AWARDS: Best First Appearance. IDFA/ Jury Award. DocsDF/ Special Jury Award. Minsk International Film Festival/ Best Picture. Tbilisi Film Festival/
When The Earth Seems To Be Light, Outsiders on skateboards in Georgia
The pictures of the renowned Georgian photographer David Meskhi about the city life of a group of young skaters in Georgia achieve in this documentary its cinematic dimension. Meskhi’s work began to explore the marginality of these young people usually discriminated by a conservative society whose Soviet past still conditions a large part of its cultural and political features.

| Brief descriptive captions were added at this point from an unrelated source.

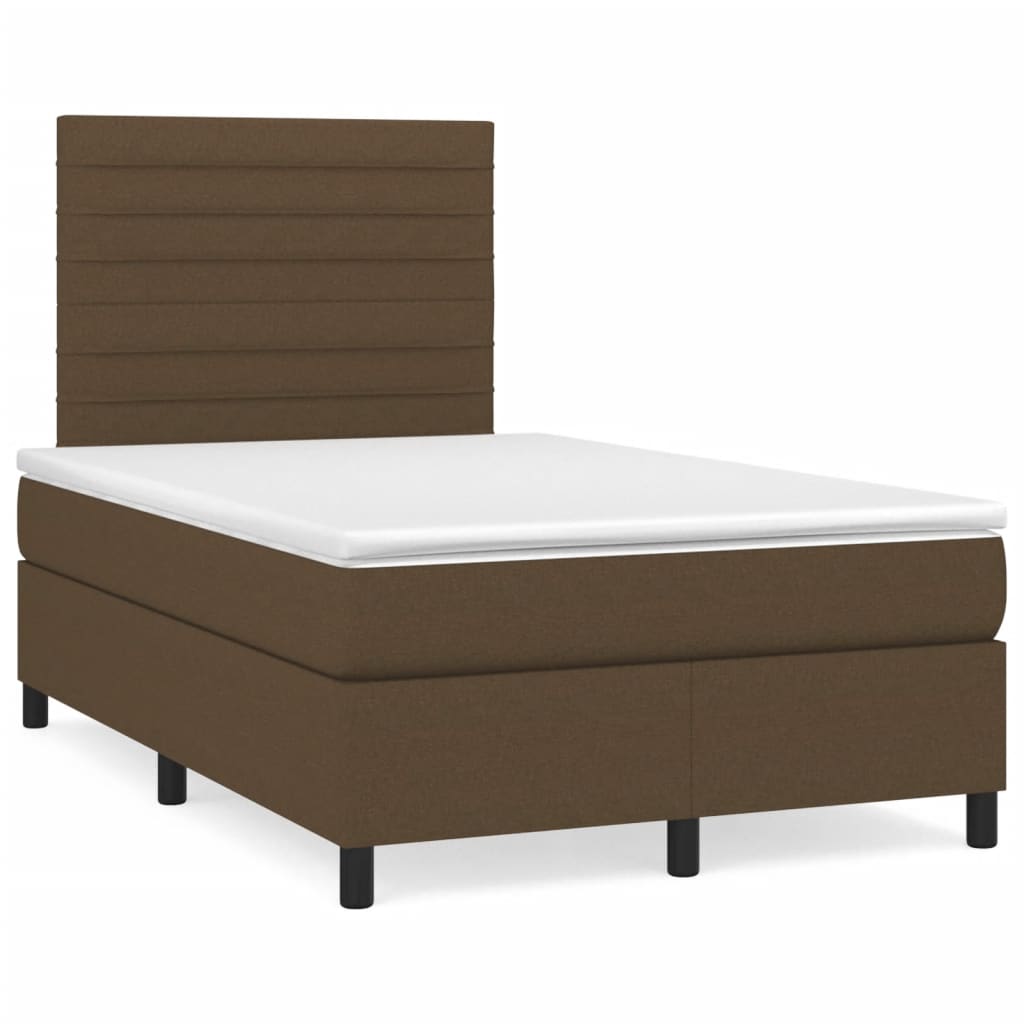 Giroletto a Molle con Materasso Marrone Scuro 120x190cm Tessuto | homemem39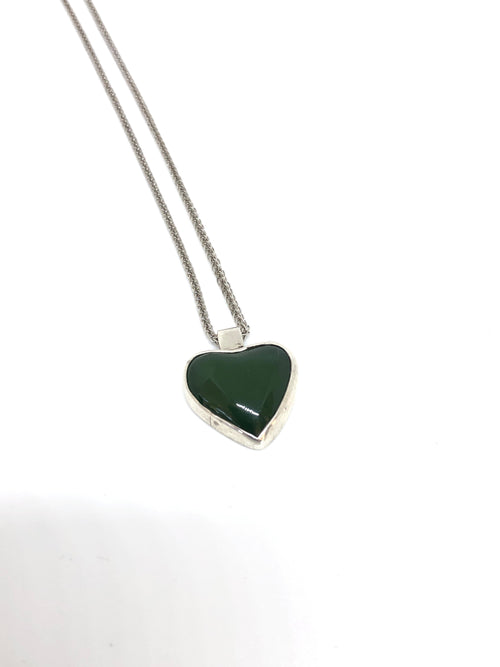 Sands Carving - Silver Heart Pounamu Necklace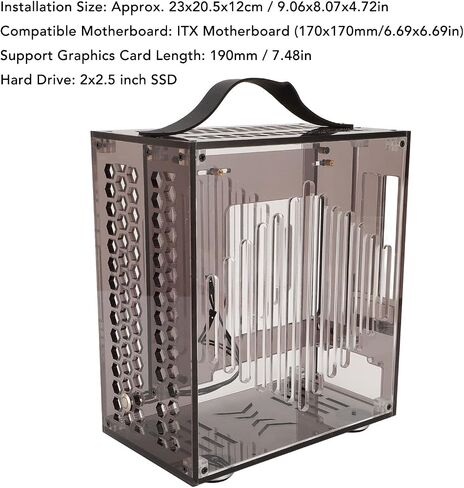 حالة كمبيوتر مستقبلية ITX ، هيكل برج صغير مع لوحات أكريليك شفافة لألواح لوحات ITX Mini لاستخدام 170 × 170 مم ، حامل بطاقة الرسومات 190 ملم ، تصميم محمول in Kuwait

The film is full of tricks, slips and small trips in skateboard that our protagonists do around several buildings and public and private urban spaces. In this way, they build their oasis of escapism and creative freedom every day without looking back and without much hope in a different future. The present verb seems to be the mental state shared by the clan in its metropolitan survival.
From their concrete retreats, the boys listen to the detonations emanating from a military parade or hear the news about a street protest while they prepare dinner. Daily life is full of extraordinary events that, however, have no transcendence at all. The emotions, dilemmas and everything that cannot be verbalized about their vision of life is rather drawn on the skin, a tattooed fresco, a diary of life, a body to skate and flow.